Start of Block
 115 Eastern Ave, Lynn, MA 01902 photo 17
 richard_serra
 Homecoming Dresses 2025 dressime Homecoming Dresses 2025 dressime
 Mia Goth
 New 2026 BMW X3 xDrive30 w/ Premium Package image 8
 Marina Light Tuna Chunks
End of Block
Start of Block
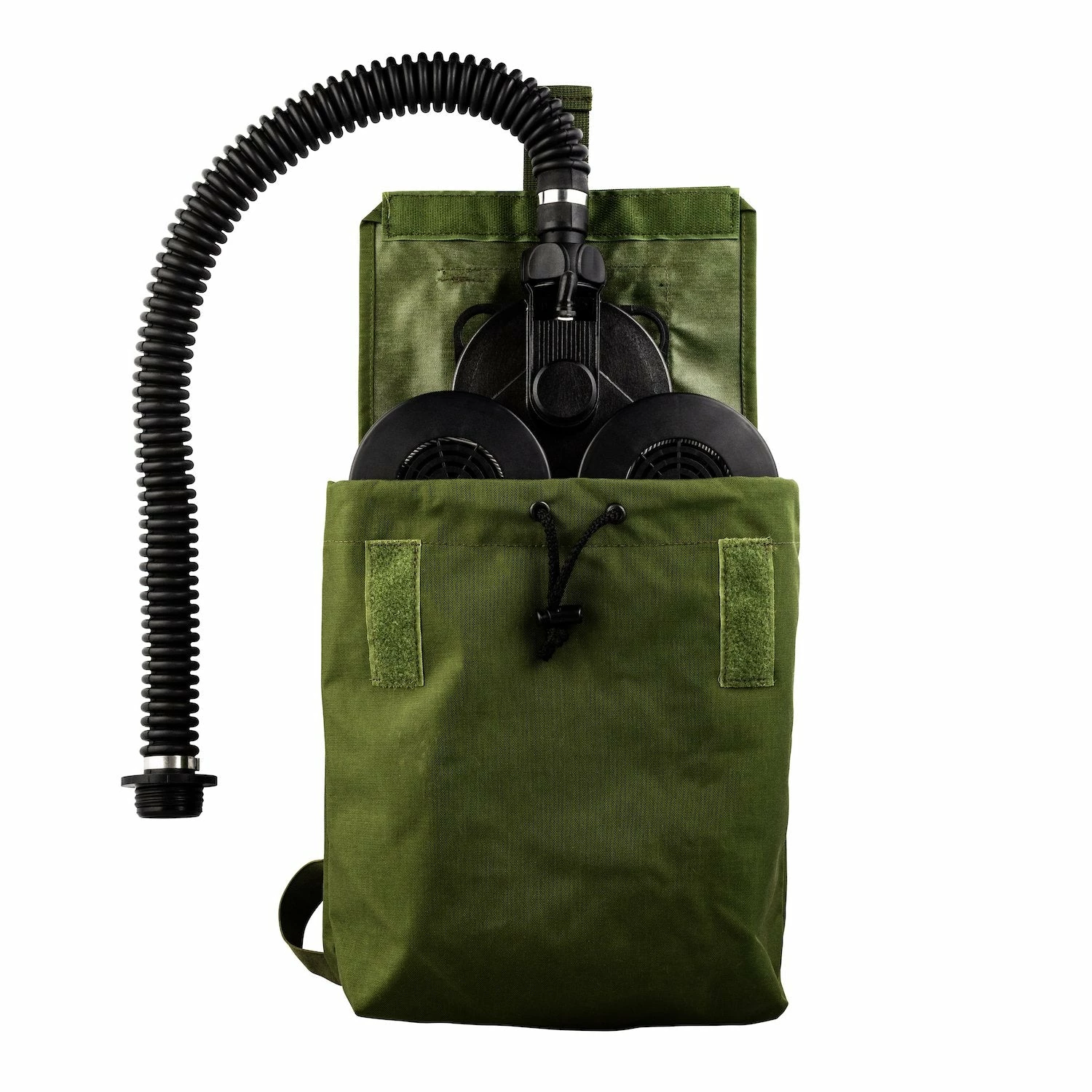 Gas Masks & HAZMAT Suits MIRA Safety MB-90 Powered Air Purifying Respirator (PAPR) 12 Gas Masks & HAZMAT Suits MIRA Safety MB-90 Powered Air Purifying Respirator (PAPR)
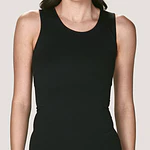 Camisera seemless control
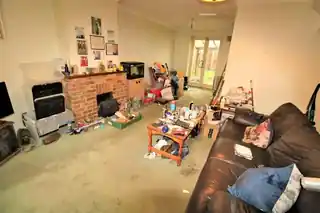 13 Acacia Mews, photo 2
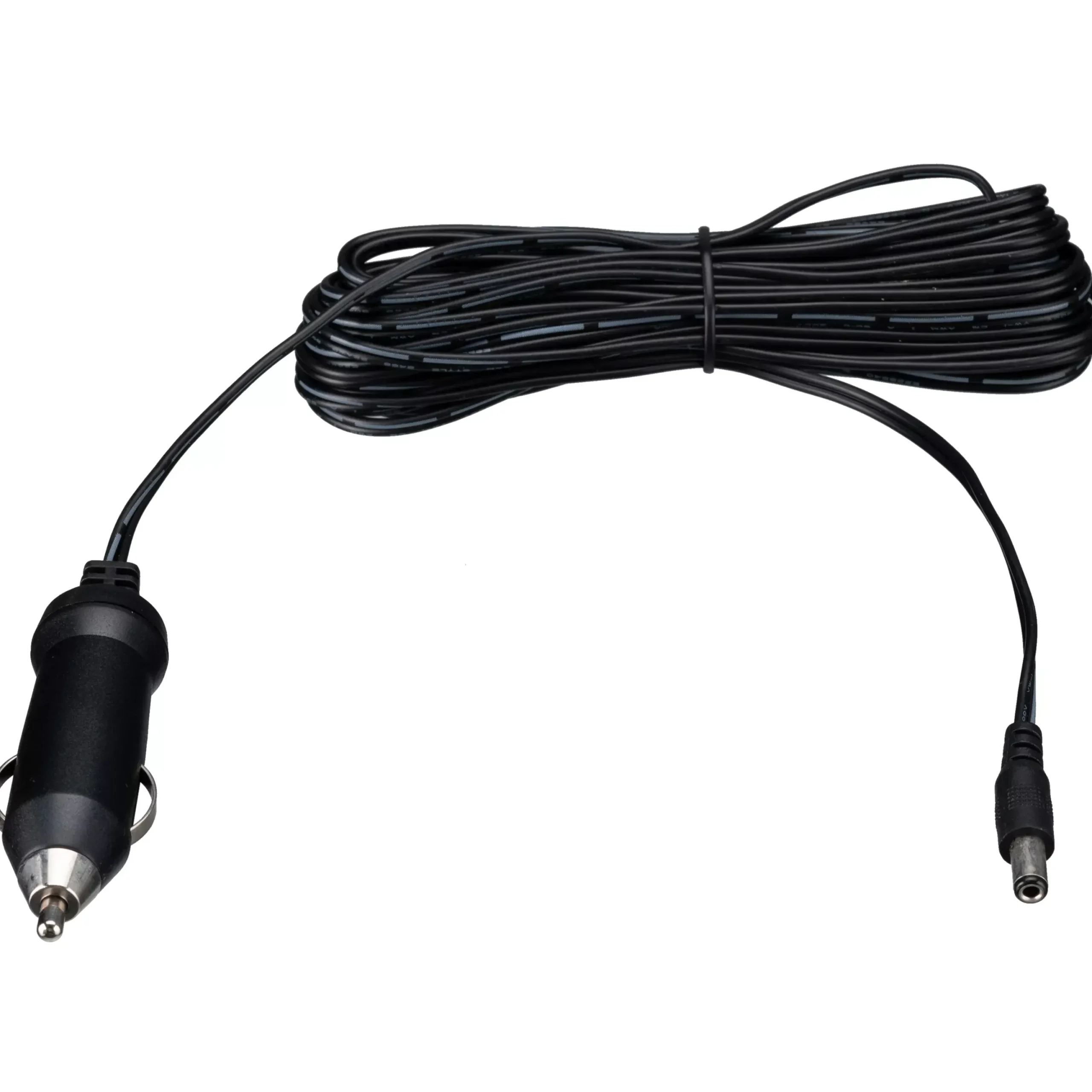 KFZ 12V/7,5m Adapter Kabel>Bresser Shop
End of Block
Start of Block
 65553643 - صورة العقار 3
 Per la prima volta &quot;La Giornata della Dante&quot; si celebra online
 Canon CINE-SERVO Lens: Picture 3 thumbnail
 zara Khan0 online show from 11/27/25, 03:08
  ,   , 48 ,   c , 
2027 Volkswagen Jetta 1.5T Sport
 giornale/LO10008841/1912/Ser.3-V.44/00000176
End of Block
• TASK BRIEF
Everything from the line with "Per la prima" through the line with "giornale/LO10008841/1912/Ser.3-V.44/00000176" in the listing above must be retyped exactly, with nothing added.

• OUTPUT BELOW
 Per la prima volta &quot;La Giornata della Dante&quot; si celebra online
 Canon CINE-SERVO Lens: Picture 3 thumbnail
 zara Khan0 online show from 11/27/25, 03:08
  ,   , 48 ,   c , 
2027 Volkswagen Jetta 1.5T Sport
 giornale/LO10008841/1912/Ser.3-V.44/00000176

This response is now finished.